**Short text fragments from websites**
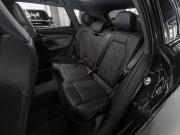 Audi Q5 III Москва  - изображение 42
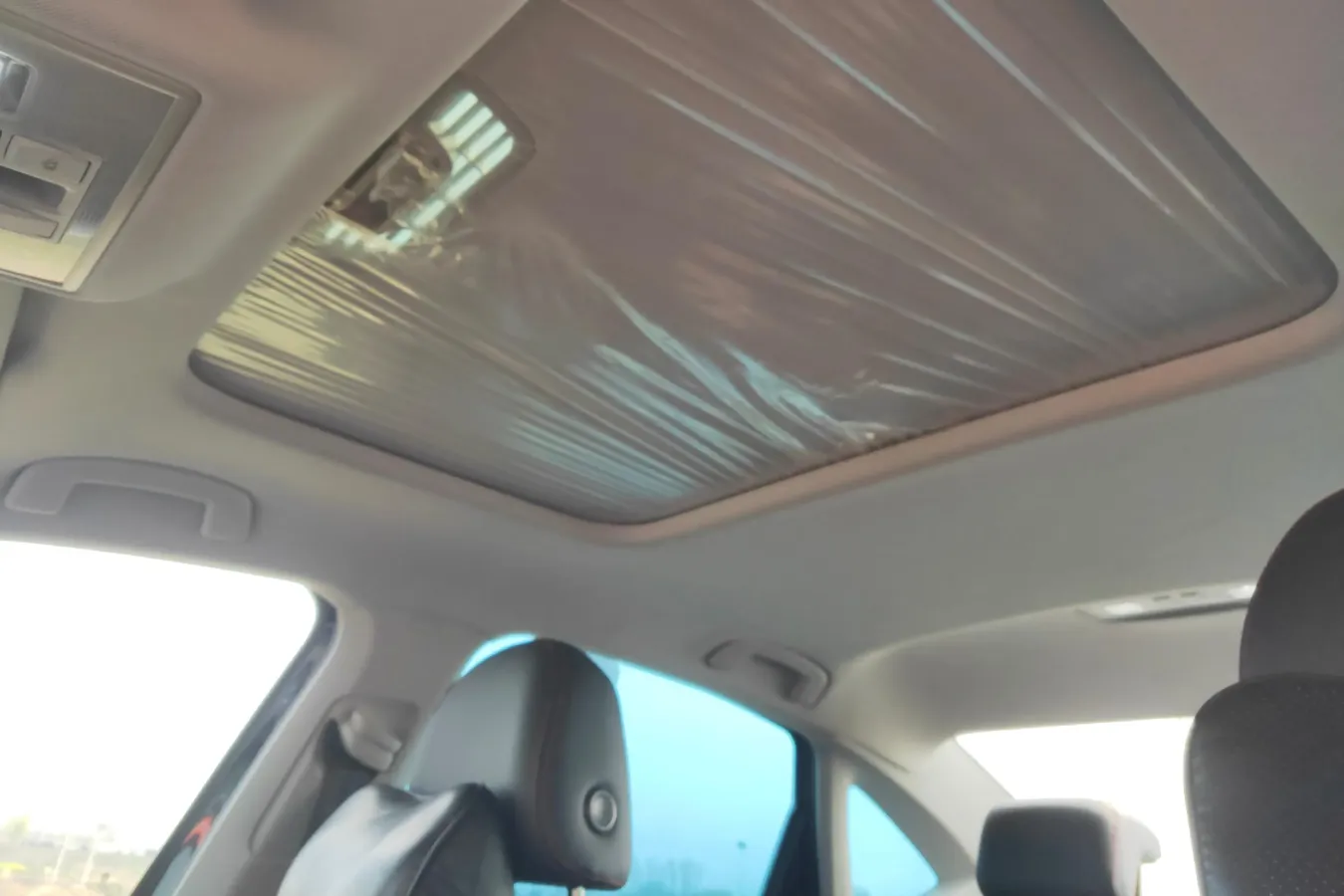 2023 Volkswagen Lavida 1.4T 150HP L4 7DCT,autocango,china used car exporter,china ev exporter,chinese used car exporter,chinese used ev exporter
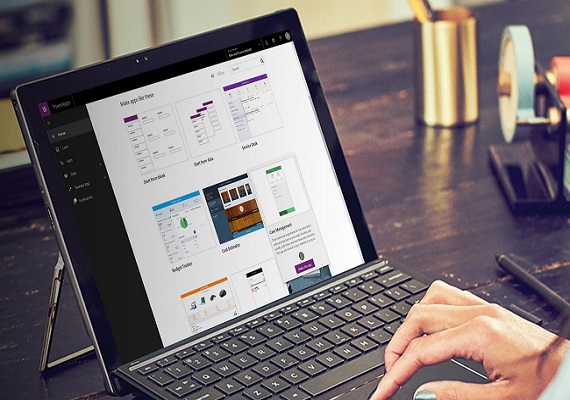 about-web-development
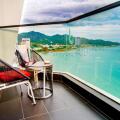 Boton Blue Hotel & Spa Nha Trang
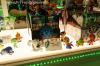 Toy Fair 2015: Miscellaneous Toys at Javits Center - Transformers Event: DSC07276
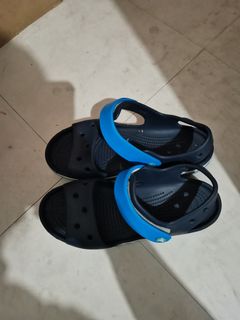 (Category: ) located in . Submitted by bkkpreloved (Listing ID 1348103013, Image 1). Description: .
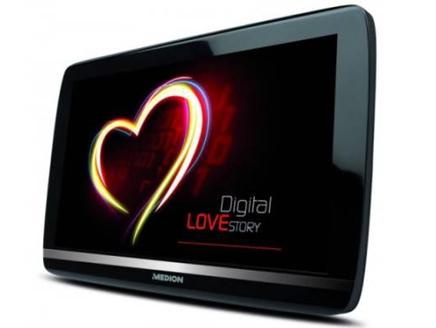 اضغط على الصورة لعرض أكبر.&nbsp;

الإسم:	لوحي.jpg&nbsp;
مشاهدات:	1&nbsp;
الحجم:	12.8 كيلوبايت&nbsp;
الهوية:	847901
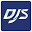 djsaviation.net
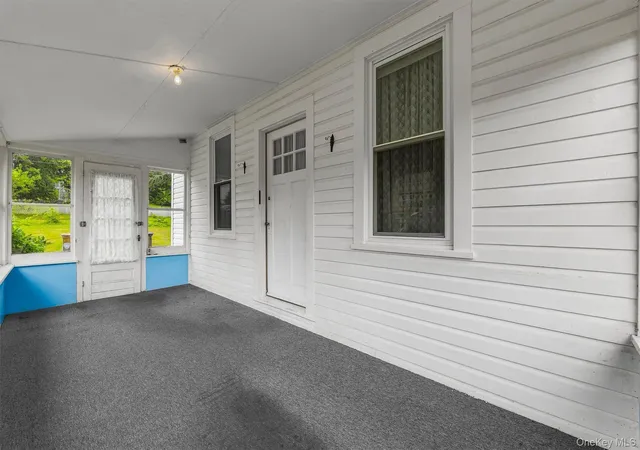 Photo 3 of Sale Pending at 99 Northmore Dr, Yorktown, NY 10598 | MLS# 1029472 | Listing updated on 2026-08-15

**Assigned task**
Only exact duplicates of the lines from the one containing "djsaviation.net" through the final line of the entries, both included, are needed, with pictures left out.

**Exercise result**
 djsaviation.net
 Photo 3 of Sale Pending at 99 Northmore Dr, Yorktown, NY 10598 | MLS# 1029472 | Listing updated on 2026-08-15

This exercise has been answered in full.